Sobre o setor cultural no Brasil, Julia compara-o à areia movediça, em que há riscos de ir afundando conforme os movimentos. Em meio à pandemia, com espetáculos cancelados e teatros fechados, a atriz indica que haverá a necessidade de se repensar o setor, propor novas formas de se fazer cultura e não esperar que o governo faça algo. Para ela, a situação só melhorará quando quem estiver no comando entenda da área e tenha clareza em saber que a cultura brasileira gera não só prestígio, mas também dinheiro para o País. E completa: “a pandemia um dia vai passar, mas a questão é, depois que isso tudo acabar, a crise que se instaurou é tão grande, que para retomar o setor, que incentivo vai haver de uma economia quebrada para a cultura? É difícil, não consigo pensar o que vai ser, realmente acho que vamos sobreviver, mas a gente vai ter de se reinventar, fazer outras coisas”.
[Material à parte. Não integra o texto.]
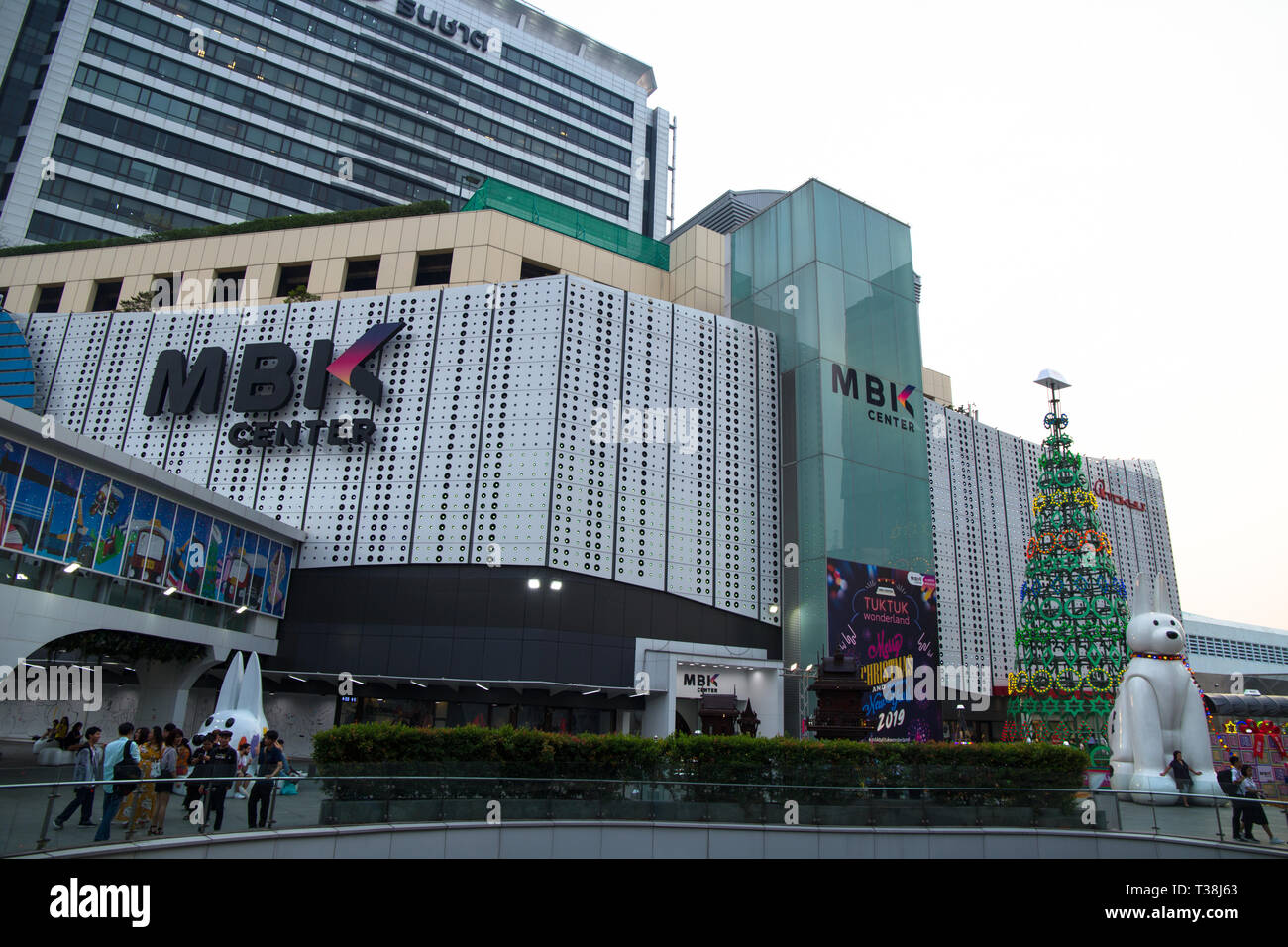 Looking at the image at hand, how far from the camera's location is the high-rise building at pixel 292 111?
2163 inches

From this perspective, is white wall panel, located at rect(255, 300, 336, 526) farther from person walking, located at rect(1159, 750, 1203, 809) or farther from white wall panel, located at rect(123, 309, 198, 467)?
person walking, located at rect(1159, 750, 1203, 809)

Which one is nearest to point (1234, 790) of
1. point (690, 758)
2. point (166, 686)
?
point (690, 758)

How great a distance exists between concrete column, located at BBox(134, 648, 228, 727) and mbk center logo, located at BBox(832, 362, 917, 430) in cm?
2571

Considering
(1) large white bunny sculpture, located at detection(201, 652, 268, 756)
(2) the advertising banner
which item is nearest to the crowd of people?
(1) large white bunny sculpture, located at detection(201, 652, 268, 756)

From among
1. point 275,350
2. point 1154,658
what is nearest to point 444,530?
point 275,350

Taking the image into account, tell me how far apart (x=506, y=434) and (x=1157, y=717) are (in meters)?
22.0

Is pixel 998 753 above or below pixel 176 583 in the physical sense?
below

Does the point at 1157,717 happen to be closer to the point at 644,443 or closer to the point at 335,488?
the point at 644,443

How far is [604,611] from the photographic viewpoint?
1202 inches

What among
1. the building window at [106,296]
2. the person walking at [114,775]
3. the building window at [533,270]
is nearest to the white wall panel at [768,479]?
the building window at [533,270]

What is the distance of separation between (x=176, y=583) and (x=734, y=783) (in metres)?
20.4

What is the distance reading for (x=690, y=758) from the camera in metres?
17.6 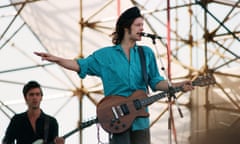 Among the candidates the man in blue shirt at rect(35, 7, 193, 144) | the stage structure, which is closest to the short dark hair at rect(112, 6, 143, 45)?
the man in blue shirt at rect(35, 7, 193, 144)

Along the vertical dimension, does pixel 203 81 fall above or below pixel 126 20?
below

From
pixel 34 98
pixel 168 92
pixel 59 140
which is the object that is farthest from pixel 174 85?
pixel 34 98

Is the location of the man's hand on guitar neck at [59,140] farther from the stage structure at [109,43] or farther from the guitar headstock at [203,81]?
the stage structure at [109,43]

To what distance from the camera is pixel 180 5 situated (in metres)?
6.25

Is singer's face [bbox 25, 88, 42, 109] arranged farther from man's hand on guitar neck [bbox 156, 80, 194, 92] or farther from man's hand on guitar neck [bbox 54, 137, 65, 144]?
man's hand on guitar neck [bbox 156, 80, 194, 92]

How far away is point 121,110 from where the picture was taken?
2766 millimetres

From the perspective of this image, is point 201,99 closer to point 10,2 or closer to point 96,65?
point 10,2

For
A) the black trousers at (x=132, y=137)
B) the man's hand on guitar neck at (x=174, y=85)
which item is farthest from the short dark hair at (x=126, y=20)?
the black trousers at (x=132, y=137)

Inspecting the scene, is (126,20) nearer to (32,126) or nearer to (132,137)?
(132,137)

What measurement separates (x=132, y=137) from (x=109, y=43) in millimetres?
4067

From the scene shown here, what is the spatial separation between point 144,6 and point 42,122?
3.49 m

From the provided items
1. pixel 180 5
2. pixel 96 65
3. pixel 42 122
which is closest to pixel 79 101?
pixel 180 5

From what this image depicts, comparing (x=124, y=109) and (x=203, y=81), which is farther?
(x=203, y=81)

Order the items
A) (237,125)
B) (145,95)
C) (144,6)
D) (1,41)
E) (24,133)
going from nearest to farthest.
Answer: (145,95) → (24,133) → (237,125) → (144,6) → (1,41) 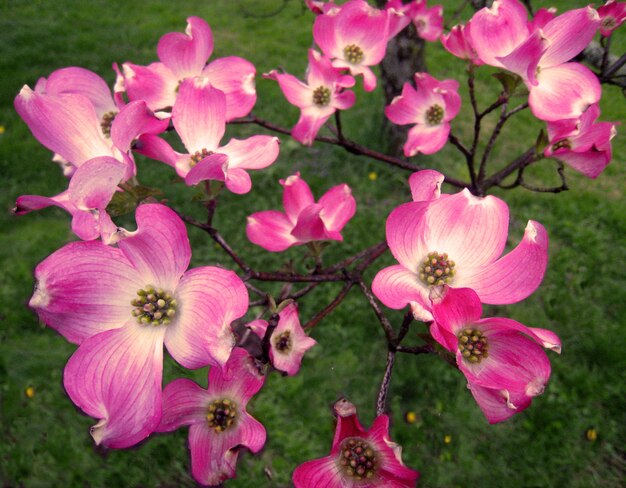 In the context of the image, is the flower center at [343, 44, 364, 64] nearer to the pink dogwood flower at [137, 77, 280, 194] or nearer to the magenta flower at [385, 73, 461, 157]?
the magenta flower at [385, 73, 461, 157]

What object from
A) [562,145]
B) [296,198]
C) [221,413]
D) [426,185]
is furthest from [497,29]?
[221,413]

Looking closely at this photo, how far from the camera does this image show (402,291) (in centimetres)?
70

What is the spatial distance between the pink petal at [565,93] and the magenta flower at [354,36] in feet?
1.10

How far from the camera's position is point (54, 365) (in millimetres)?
2174

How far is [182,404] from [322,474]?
0.77 ft

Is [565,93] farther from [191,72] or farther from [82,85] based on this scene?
[82,85]

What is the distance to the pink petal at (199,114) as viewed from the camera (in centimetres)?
83

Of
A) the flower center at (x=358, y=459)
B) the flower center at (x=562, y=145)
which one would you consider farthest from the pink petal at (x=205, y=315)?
the flower center at (x=562, y=145)

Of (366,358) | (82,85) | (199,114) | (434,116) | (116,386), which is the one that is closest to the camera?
(116,386)

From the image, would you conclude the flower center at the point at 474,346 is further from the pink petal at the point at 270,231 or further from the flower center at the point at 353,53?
the flower center at the point at 353,53

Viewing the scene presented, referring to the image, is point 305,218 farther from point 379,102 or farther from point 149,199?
point 379,102

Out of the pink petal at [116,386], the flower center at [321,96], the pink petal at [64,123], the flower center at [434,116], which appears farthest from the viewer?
the flower center at [434,116]

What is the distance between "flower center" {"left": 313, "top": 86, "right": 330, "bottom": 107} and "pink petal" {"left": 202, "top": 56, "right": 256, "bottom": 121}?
155 millimetres

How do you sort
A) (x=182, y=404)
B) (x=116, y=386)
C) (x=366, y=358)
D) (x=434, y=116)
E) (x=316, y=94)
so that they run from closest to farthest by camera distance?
(x=116, y=386) → (x=182, y=404) → (x=316, y=94) → (x=434, y=116) → (x=366, y=358) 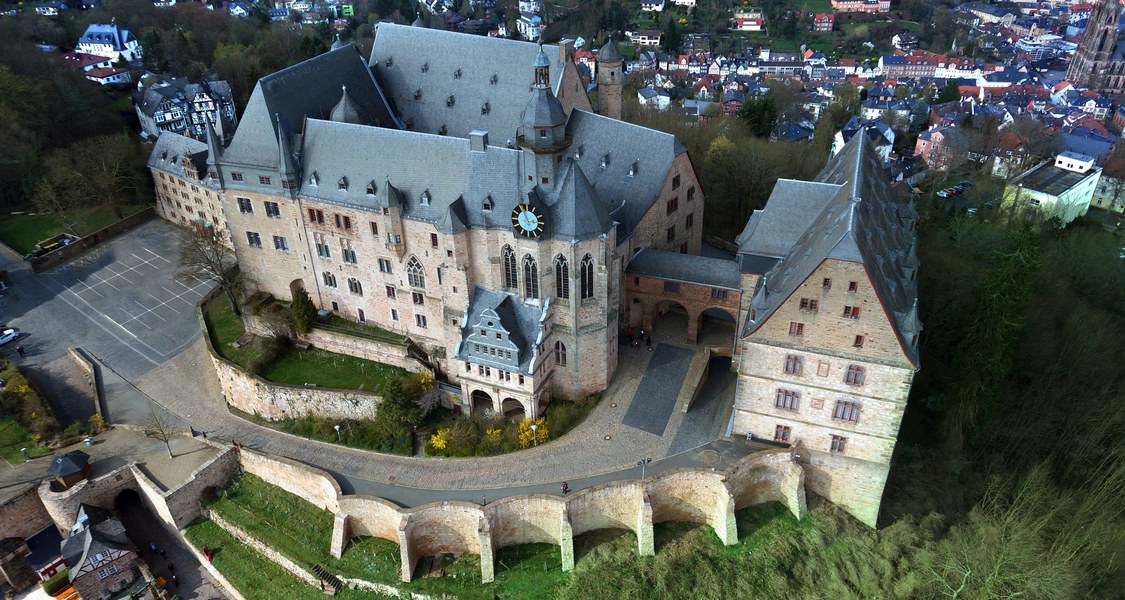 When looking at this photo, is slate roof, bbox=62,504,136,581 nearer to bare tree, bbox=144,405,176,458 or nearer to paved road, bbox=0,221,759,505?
bare tree, bbox=144,405,176,458

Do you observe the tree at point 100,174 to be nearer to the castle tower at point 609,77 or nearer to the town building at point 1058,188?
the castle tower at point 609,77

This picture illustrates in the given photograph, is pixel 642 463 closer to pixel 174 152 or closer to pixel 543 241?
pixel 543 241

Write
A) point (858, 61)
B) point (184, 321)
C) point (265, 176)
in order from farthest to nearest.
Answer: point (858, 61), point (184, 321), point (265, 176)

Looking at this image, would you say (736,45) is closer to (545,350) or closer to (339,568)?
(545,350)

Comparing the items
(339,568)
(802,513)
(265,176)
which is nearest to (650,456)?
(802,513)

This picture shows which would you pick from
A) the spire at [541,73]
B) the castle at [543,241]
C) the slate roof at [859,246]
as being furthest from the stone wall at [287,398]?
the slate roof at [859,246]

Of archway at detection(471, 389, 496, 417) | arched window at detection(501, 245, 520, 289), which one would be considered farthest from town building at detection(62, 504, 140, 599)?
arched window at detection(501, 245, 520, 289) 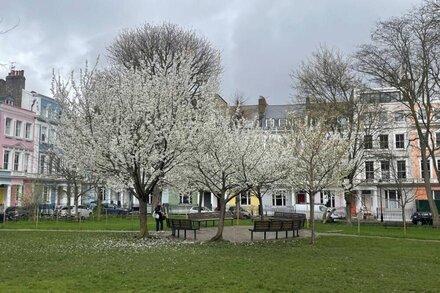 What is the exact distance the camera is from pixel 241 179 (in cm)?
2041

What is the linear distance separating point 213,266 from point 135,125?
10.4 meters

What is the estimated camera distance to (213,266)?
12.0 meters

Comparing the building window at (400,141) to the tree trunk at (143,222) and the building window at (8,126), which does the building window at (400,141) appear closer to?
the tree trunk at (143,222)

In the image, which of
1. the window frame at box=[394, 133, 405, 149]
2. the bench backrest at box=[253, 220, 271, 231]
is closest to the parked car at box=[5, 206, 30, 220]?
the bench backrest at box=[253, 220, 271, 231]

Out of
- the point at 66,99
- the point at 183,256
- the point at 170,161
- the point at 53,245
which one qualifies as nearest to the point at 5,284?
the point at 183,256

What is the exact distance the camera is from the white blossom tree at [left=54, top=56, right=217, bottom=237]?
20.2 metres

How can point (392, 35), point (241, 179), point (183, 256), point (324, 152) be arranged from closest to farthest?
point (183, 256)
point (241, 179)
point (324, 152)
point (392, 35)

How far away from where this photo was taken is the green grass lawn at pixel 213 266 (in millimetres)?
9383

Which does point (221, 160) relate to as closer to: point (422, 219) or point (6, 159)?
point (422, 219)

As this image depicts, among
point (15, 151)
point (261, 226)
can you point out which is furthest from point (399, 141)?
point (15, 151)

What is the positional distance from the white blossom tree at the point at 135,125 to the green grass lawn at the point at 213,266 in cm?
377

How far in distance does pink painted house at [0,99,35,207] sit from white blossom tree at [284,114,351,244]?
28.5 metres

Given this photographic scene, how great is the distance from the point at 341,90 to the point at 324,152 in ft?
27.7

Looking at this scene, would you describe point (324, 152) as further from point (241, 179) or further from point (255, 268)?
point (255, 268) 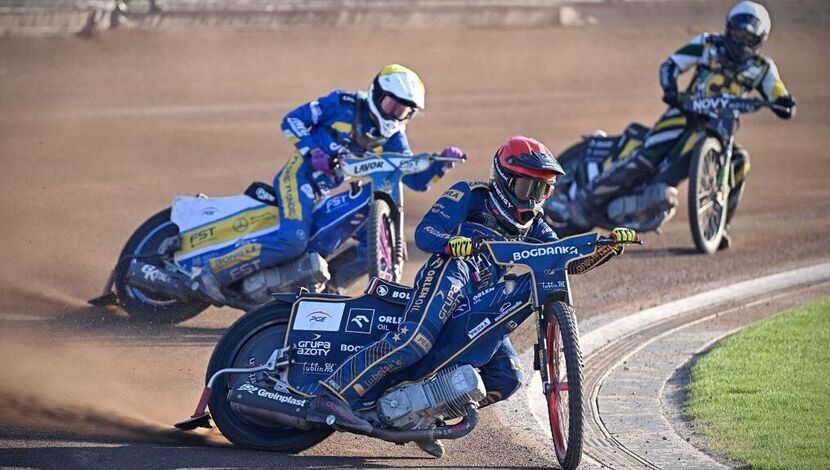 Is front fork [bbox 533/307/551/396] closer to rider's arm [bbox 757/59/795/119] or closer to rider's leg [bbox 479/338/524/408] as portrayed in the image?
rider's leg [bbox 479/338/524/408]

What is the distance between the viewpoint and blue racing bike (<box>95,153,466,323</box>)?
39.2 ft

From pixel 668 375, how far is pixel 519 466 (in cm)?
275

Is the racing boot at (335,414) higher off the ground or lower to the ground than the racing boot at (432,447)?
higher

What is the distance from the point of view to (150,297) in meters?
12.4

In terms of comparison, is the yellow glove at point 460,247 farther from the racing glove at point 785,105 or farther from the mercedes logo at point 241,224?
the racing glove at point 785,105

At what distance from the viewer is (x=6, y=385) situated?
9.49 meters

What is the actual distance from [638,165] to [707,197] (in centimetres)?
85

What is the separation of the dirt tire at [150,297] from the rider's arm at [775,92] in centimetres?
659

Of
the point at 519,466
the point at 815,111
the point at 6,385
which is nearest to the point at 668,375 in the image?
the point at 519,466

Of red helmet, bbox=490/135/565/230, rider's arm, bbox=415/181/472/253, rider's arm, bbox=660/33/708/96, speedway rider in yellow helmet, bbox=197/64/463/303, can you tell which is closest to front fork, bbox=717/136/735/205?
rider's arm, bbox=660/33/708/96

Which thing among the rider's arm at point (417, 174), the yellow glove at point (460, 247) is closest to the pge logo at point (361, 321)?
the yellow glove at point (460, 247)

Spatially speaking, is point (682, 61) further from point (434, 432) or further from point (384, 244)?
point (434, 432)

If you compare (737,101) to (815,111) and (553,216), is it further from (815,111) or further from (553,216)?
(815,111)

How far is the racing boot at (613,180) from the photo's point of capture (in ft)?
51.1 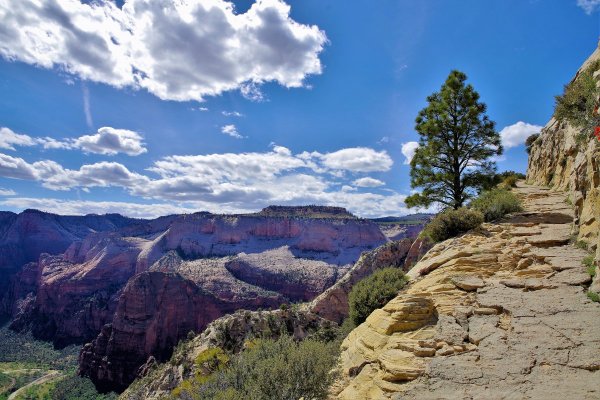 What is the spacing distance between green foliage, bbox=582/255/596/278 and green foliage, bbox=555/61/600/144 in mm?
3366

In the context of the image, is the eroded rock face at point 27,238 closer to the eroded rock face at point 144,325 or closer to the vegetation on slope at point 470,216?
the eroded rock face at point 144,325

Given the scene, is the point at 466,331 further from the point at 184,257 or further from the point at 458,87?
the point at 184,257

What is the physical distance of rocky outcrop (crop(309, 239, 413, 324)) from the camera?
43.2 meters

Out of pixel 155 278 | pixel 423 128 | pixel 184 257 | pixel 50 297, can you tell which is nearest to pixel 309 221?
pixel 184 257

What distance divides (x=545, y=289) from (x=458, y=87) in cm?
1386

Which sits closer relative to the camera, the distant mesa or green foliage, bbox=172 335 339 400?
green foliage, bbox=172 335 339 400

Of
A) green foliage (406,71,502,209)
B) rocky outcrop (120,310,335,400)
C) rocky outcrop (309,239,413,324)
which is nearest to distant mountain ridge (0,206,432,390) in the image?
rocky outcrop (309,239,413,324)

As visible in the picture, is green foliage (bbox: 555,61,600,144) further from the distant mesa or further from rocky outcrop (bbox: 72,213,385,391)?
the distant mesa

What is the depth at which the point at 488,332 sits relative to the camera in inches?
283

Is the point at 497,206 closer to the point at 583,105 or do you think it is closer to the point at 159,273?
the point at 583,105

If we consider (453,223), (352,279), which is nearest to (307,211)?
(352,279)

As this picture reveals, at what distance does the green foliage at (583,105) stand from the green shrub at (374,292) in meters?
6.50

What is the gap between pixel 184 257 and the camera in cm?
12325

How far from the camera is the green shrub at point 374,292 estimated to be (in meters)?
11.0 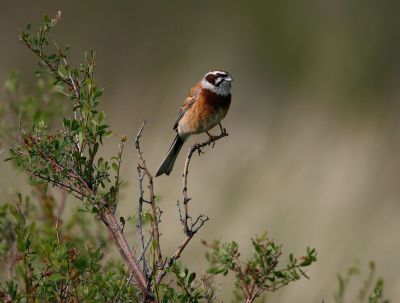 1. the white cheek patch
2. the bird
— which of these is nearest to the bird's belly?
the bird

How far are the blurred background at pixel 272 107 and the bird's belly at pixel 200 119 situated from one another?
14.3 feet

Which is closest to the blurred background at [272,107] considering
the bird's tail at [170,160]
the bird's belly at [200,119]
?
the bird's tail at [170,160]

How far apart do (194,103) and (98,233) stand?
178cm

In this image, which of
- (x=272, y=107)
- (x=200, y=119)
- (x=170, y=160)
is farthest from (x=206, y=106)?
(x=272, y=107)

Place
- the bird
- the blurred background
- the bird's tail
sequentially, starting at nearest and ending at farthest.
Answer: the bird's tail, the bird, the blurred background

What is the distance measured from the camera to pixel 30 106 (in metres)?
4.80

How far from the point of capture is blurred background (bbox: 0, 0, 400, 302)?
12.1 metres

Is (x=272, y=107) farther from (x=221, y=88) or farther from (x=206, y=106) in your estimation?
(x=206, y=106)

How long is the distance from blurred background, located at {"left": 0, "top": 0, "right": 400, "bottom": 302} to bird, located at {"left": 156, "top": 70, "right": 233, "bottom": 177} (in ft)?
14.3

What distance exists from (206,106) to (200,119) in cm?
12

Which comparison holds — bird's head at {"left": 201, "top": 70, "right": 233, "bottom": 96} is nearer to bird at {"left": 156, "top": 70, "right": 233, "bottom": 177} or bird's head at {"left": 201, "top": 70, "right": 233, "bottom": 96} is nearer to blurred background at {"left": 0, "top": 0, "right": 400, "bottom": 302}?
bird at {"left": 156, "top": 70, "right": 233, "bottom": 177}

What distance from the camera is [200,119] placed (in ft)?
21.2

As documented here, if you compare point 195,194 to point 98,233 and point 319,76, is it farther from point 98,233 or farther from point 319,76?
point 98,233

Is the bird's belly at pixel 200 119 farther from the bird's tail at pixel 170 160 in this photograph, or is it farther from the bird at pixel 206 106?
the bird's tail at pixel 170 160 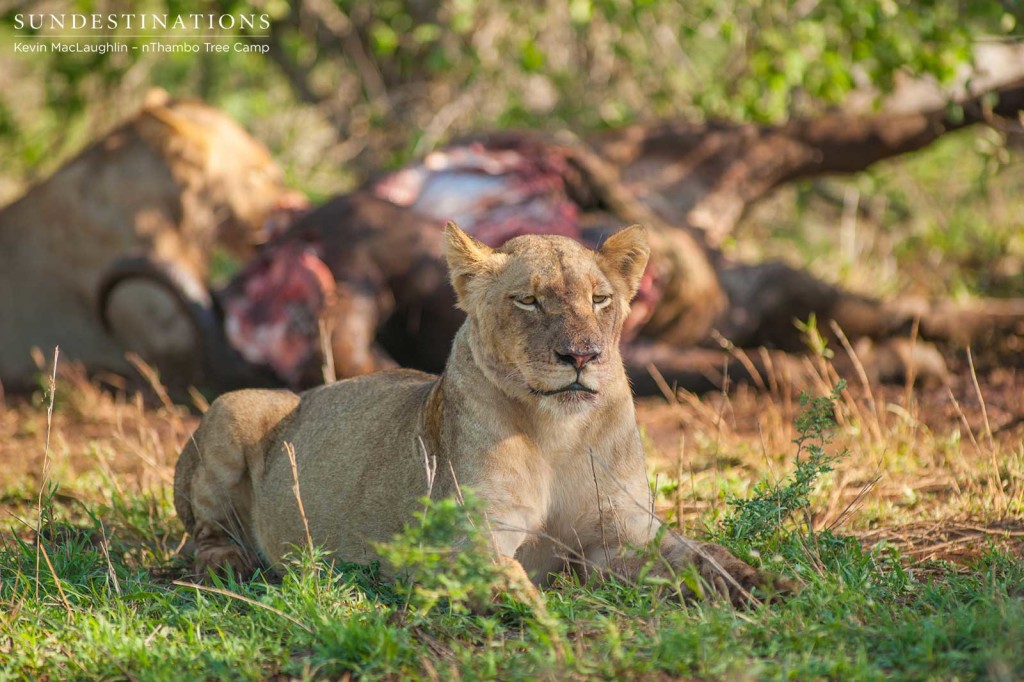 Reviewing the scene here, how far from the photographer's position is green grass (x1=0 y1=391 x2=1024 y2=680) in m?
2.74

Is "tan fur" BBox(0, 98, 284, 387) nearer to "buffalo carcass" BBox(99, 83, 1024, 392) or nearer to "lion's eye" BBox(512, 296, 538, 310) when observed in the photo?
"buffalo carcass" BBox(99, 83, 1024, 392)

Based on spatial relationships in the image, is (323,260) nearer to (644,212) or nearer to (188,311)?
(188,311)

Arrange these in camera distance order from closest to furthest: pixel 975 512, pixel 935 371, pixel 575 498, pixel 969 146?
pixel 575 498
pixel 975 512
pixel 935 371
pixel 969 146

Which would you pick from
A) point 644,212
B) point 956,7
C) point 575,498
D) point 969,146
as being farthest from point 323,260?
point 969,146

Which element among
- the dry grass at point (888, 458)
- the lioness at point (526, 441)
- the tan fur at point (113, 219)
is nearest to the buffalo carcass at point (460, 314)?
the dry grass at point (888, 458)

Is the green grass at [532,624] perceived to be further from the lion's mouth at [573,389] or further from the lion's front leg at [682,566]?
the lion's mouth at [573,389]

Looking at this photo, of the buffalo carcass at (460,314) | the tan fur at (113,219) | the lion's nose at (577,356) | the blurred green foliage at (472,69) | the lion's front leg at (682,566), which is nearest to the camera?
the lion's front leg at (682,566)

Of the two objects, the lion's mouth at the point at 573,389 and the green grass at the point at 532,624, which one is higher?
the lion's mouth at the point at 573,389

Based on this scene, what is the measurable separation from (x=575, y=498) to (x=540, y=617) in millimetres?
763

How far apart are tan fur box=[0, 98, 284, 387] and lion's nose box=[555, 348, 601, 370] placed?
435 centimetres

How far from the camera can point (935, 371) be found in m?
6.10

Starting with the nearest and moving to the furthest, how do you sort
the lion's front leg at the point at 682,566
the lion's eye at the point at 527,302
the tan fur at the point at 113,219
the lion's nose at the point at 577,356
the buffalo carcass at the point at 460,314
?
1. the lion's front leg at the point at 682,566
2. the lion's nose at the point at 577,356
3. the lion's eye at the point at 527,302
4. the buffalo carcass at the point at 460,314
5. the tan fur at the point at 113,219

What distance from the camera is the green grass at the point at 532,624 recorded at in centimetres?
274

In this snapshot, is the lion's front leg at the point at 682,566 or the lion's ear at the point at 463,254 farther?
the lion's ear at the point at 463,254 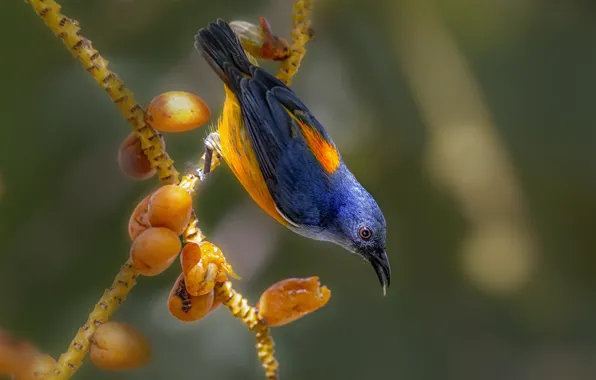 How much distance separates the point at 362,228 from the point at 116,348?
0.71 m

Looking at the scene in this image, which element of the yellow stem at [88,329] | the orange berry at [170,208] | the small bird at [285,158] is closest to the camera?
the yellow stem at [88,329]

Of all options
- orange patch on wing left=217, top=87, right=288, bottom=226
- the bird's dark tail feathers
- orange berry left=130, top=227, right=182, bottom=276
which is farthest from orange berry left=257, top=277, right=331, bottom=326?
the bird's dark tail feathers

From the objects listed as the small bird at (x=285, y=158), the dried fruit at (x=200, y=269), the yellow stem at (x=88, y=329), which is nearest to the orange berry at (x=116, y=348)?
the yellow stem at (x=88, y=329)

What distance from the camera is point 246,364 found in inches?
70.4

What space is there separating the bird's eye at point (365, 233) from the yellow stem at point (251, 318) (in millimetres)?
482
Voltando aos trabalhos anteriores, que estão sendo reexibidos pela Globo, Julia se recorda com carinho do papel na novela Fina Estampa, que mostrava a luta de uma mulher em engravidar. Diz que foi um momento especial, que se divertiu com os colegas de trabalho e conta que a bebezinha de 2 meses na época agora já tem 8 anos. “Era uma bebê muito fofa e, quando começou a gravar comigo, eu não conseguia pensar em outra coisa, só queria saber se estava tudo bem para ela, cuidar dela e, quando começou a reprisar, a mãe dela me mandou uma foto atual. Fiquei muito feliz.” Mas teve ainda sua personagem em Novo Mundo, que acaba de surgir nos capítulos que estão no ar. “Nossa, a Greta era uma alemã, lente de contato azul, sotaque, cabelos descoloridos, uma viúva negra, muito má mesmo.”

Família

Julia reservou ainda um tempo para falar do amor pelos pais, a atriz Lílian Lemmertz (1937-1986) e o poeta Lineu Dias (1927-2002). Ela revela que tem os dois bem próximos de si – “minha mãe e meu pai estão aqui comigo, exumei os dois, cremei e trouxe as cinzas deles pra cá e agora eles são duas árvores grandes”. Da mãe, diz que gostaria de ter tido mais tempo com ela, feito trabalhos juntas, “mas a vida é o que é, tudo tem seu tempo, seus caminhos”. Do pai, se recorda do companheirismo, da troca de ideias. “Perdi um olhar que não era só de pai, era crítico, instigante, olhar de contestar”.